Deep Process Knowledge Is the Foundation
The first of Jack's three fundamentals is having deep process knowledge and an active process improvement system. Organizations that handle change well are not scrambling to figure out how their own operations work when the time comes to pivot. They already know, because they have invested in understanding and documenting their processes long before any disruption hits.
"You get in trouble on change when you don't really understand all the things that are going on in your company. You're just doing work every day and not realizing what impacts something else," Nehlig warns. He points to large ERP conversions as a telling example. The companies whose implementations make the news for going badly are usually the ones that lacked a solid process backbone going in. The companies where it went smoothly just do it, and nobody hears about them because there is nothing dramatic to report.
Jack offers a simple self-assessment for any leader: can you name all the process owners of your company's high-level processes, and can you identify the power users in those processes? If you can, you probably have good discipline in place. If you cannot, that is where the work needs to start. He also cautions against assuming that ISO registration means you have strong process systems. "ISO just says, do you have good process documentation? Do you have good process follow-up? It doesn't say the results are really good," Nehlig clarifies. ISO sets a floor, not a ceiling.
Build Well-Trained, Diverse Teams
The second fundamental is investing in team training and building diverse teams. When Jack says diverse, he means people who are well versed in many different aspects of the company, bringing a range of perspectives and experiences to the table. When those teams face a change initiative, they have the collaborative mindset and breadth of knowledge to see the full picture.
"When you build a team, do you have a lot of diversity on the team? Do you have great collaborative mindset? You're hearing lots of people's opinions," Nehlig asks. Teams that check those boxes are far better equipped to identify risks, spot opportunities, and execute on change plans than teams built from a single narrow perspective. And this does not happen by accident. It requires deliberate investment in training and development, which Jack notes should be led by the HR team as a core organizational priority.
Embrace the Deputy Concept
Jack's third fundamental is one that Trevor admits he had never heard phrased quite this way: the deputy concept. The idea is straightforward. Every leadership position in the company should have a designated backup, someone who is trained in that role's authority, processes, and responsibilities so they can step in seamlessly when needed.
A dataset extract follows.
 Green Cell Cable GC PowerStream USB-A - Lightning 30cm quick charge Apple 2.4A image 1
"You should have an org chart with a box next to every name with who is the deputy. And then not just go over and tell them they're the deputy, but train them on what they have to do when they are the deputy," Nehlig explains. This is not about succession planning in the traditional sense. It is about building redundancy into the organization so that if someone leaves, goes on extended leave, or is simply unavailable, the team does not miss a beat. Jack frames the test simply: if somebody quits tomorrow, can you survive for three to four months until you find the next person or restructure?
Trevor confirms this from personal experience, recalling times he stepped into roles during extended absences and was able to do so effectively because the processes and systems were well documented and the training was already in place.
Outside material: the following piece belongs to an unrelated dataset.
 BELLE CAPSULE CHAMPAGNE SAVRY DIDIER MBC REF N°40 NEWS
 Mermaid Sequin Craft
Communication Ties It All Together
Trevor raises a point that prompts Jack to add what he calls an essential layer on top of the three fundamentals: communication. During any change initiative, leaders need to define all the communication mechanisms they will use to keep everyone informed, and then they need to communicate relentlessly.
Jack shares a rule of thumb that stuck with him throughout his career. "When you are the communicator and you are sick and tired of communicating a message, that's when you know they're finally getting it," Nehlig says. He recalls being impressed by how much communication his own leaders would push out during change initiatives, sometimes to the point of feeling redundant. But that redundancy is the point. It takes people seven or eight repetitions before a message truly lands.
Trevor connects this back to the infrastructure Jack described. You can have all the communication in the world, but without the process discipline, the trained teams, and the deputies in place, things will still fall apart. Both elements have to work together.
Make Your Own Damn Decisions
Jack closes with a story from his early career at Honeywell that perfectly captures what a resilient organization looks like in practice. One day, he walked up to his boss's office to find a note taped to the door that read: "Dear all, the executive leadership team is on an offsite today. Make your own damn decisions." And then a postscript: "If we find this works, we will make it policy."
The humor stuck with Jack, but so did the lesson. A truly resilient organization can function without its senior leaders being present, not just for one day but for extended stretches. "When the work is done, they'll say they did it without you. And that's the measurement of the most resilient team," Nehlig reflects. The leaders are there to set direction, manage the change agenda, and handle problems. But the day-to-day operation should be able to run without them, and that only happens when process discipline, team development, and the deputy concept are all working together.
Key Quote From The Episode
"Leadership is almost always about change. Management is about day-to-day operations and execution." - Jack Nehlig
Key Takeaways
- Recognize that leadership is inherently about change. If you have not changed anything in your team or company recently, you are managing, not leading.
- Build deep process knowledge across your organization by identifying process owners and power users, and invest in active process improvement systems that go well beyond minimum standards like ISO registration.
- Develop well-trained, diverse teams with people versed in multiple aspects of the company so they bring broad perspectives and collaborative problem-solving to change initiatives.
- Implement the deputy concept by designating and training a backup for every leadership position so the organization can absorb unexpected departures without disruption.
- Communicate relentlessly during change. Define your communication mechanisms upfront and keep repeating the message until you are tired of saying it, because that is when people are finally starting to hear it.
Wrap Up
Leading through change is not a special skill that some leaders have and others do not. It is the core function of leadership itself. The organizations that do it well are the ones that have invested in the fundamentals long before the change arrives: deep process knowledge, well-trained diverse teams, and a deputy structure that builds resilience into every level of the org chart. Layer relentless communication on top of that foundation, and you have a team that can navigate whatever comes its way. As Jack puts it, leaders should rise up and not be afraid of change. This is what they are built for, and they will learn to enjoy it as long as they look at it the right way.